Tra una scena e l’altra compare spesso la scena di una madre che dondola una culla (Lilian Gish) illuminata da un raggio: è la culla del tempo e il suo dondolio è la continuità, da un verso di Walt Whitman. La scena compare ben 26 volte nel film (16 nell’edizione ridotta attualmente in circolazione) e fa da raccordo tra le varie storie. Tre vecchie sono sedute sullo sfondo, forse un’allusione alle tre Parche. Le 4 storie sono montate parallelamente e ciascuna ha i suoi protagonisti.

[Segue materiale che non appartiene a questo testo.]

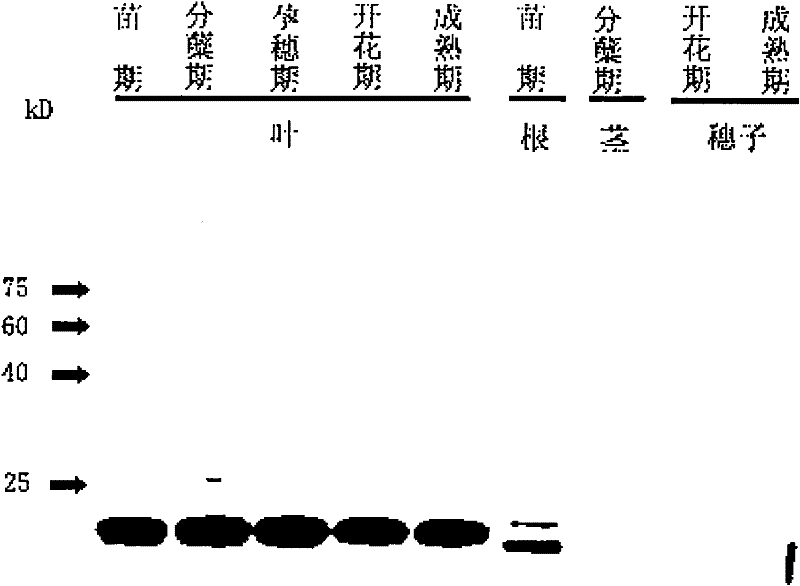 Acyl carrier protein III epitope, acyl carrier protein III antibody and use thereof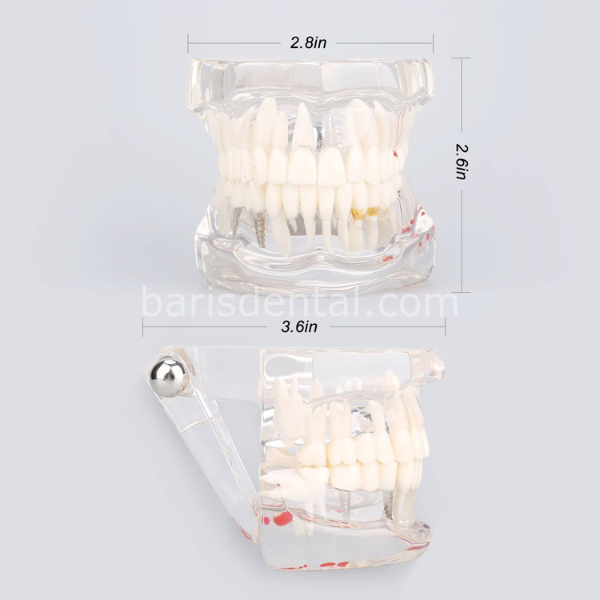 Diş Çene Modeli- Fonksiyonel şeffaf-Hastaları bilgilendirmek için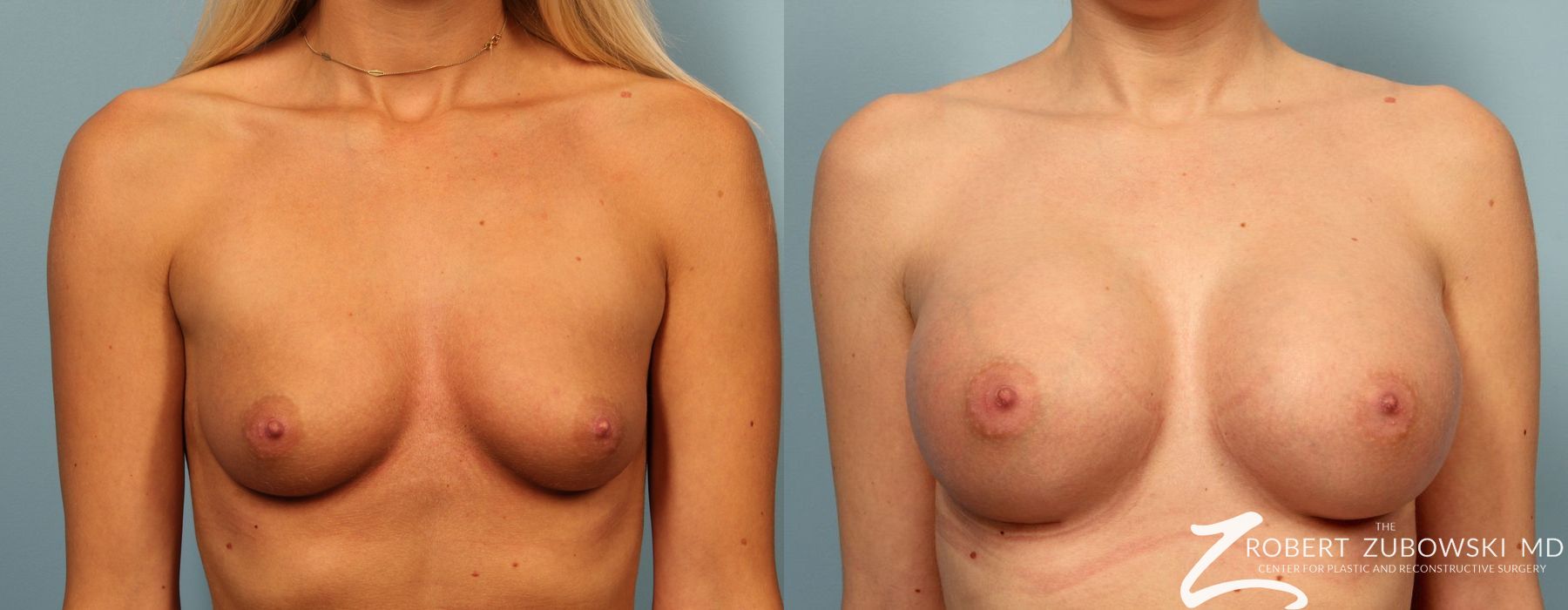 Before and after procedure result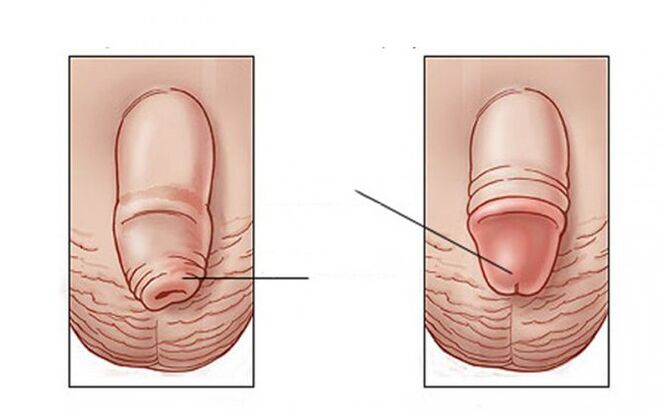 What task does the lubricant perform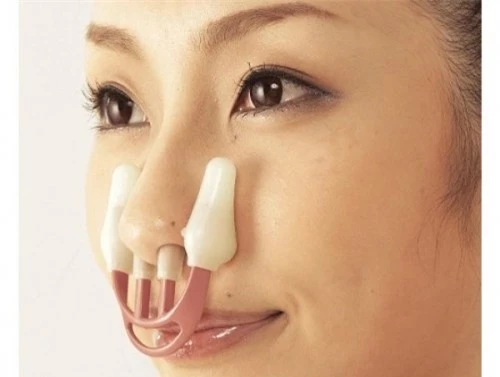 Phẫu thuật thẩm mỹ là biện pháp duy nhất thay đổi cơ trên mũi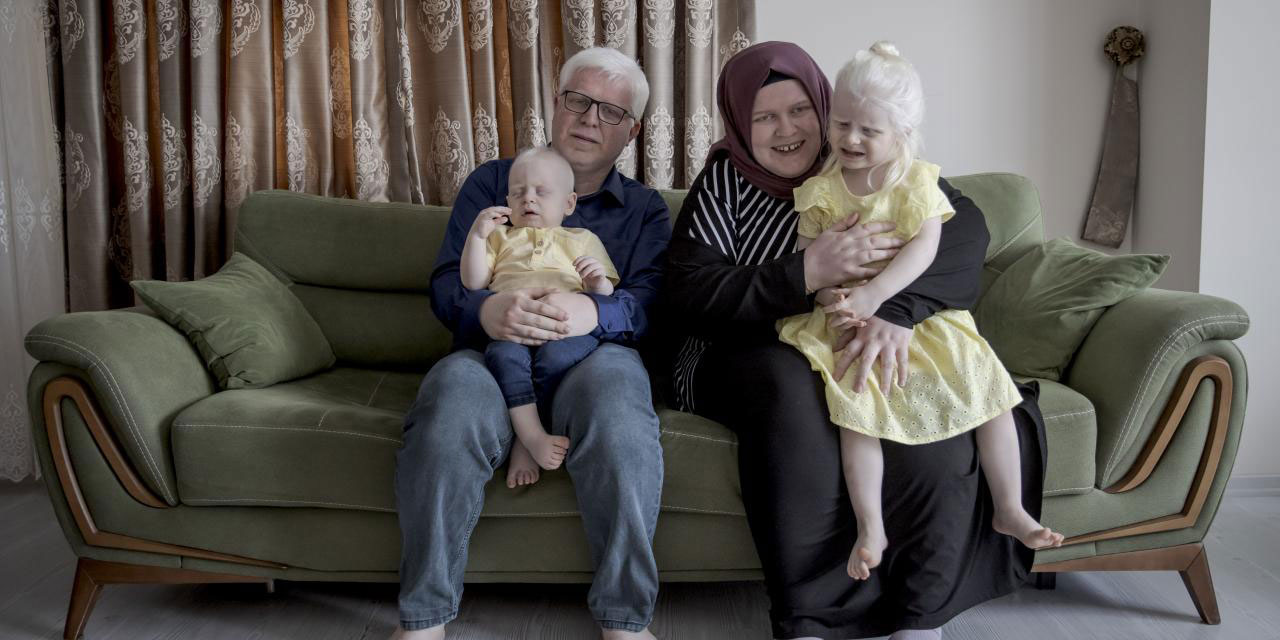 Öğretmen ve müezzin çift ile iki çocuklarının albinizm ile imtihanı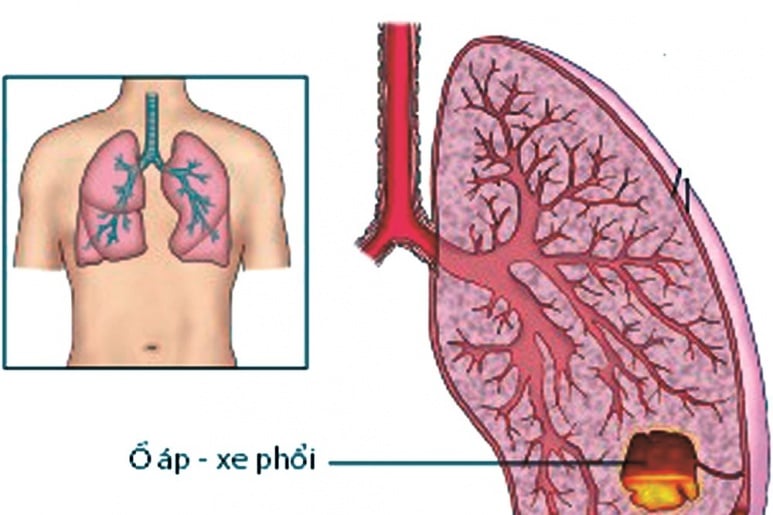 Empyema - Ảnh minh họa 2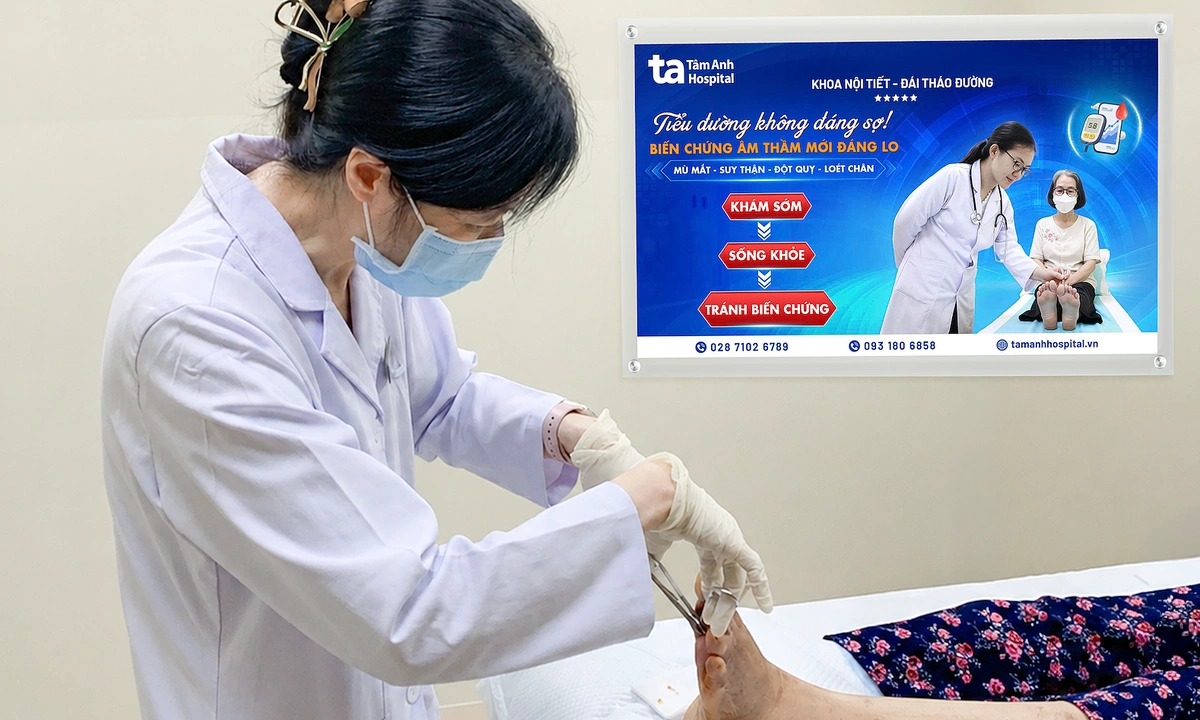Hoại tử chân do biến chứng tiểu đường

«Lo proporremo nella versione torrenziale, stra-enorme, da tre ore e mezzo» (la più vicina a quella che vide la luce il 6 agosto 1916),è la promessa di Emanuela Martini, direttrice del Torino Film Festival,  che ha scelto di inserire “Intolerance” tra gli eventi della 34ª edizione, dal 18 al 26 novembre. «Sono i cento anni dalla prima proiezione, che avvenne a Los Angeles nel ‘16 — spiega la rossa cinefila che guida la kermesse — Mi sono detta: è giusto farlo. Proponiamo con l’Università questa versione, anche se il film uscì di nuovo l’anno dopo, nel ’17. Spero vivamente che gli studenti lo vengano a vedere. È un capolavoro pazzesco ». Uno dei suoi preferiti del Festival, assieme al Cacciatore “due capolavori che non smetterei mai di rivedere”.

La Colonna Sonora, di un compositore superlativo come Carl Davis ed eseguita da The Luxembourg Radio Symphony Orchestra, è universalmente ritenuta la migliore, la più commossa e ricca di trasporto che sia mai stata creata per “Intolerance”.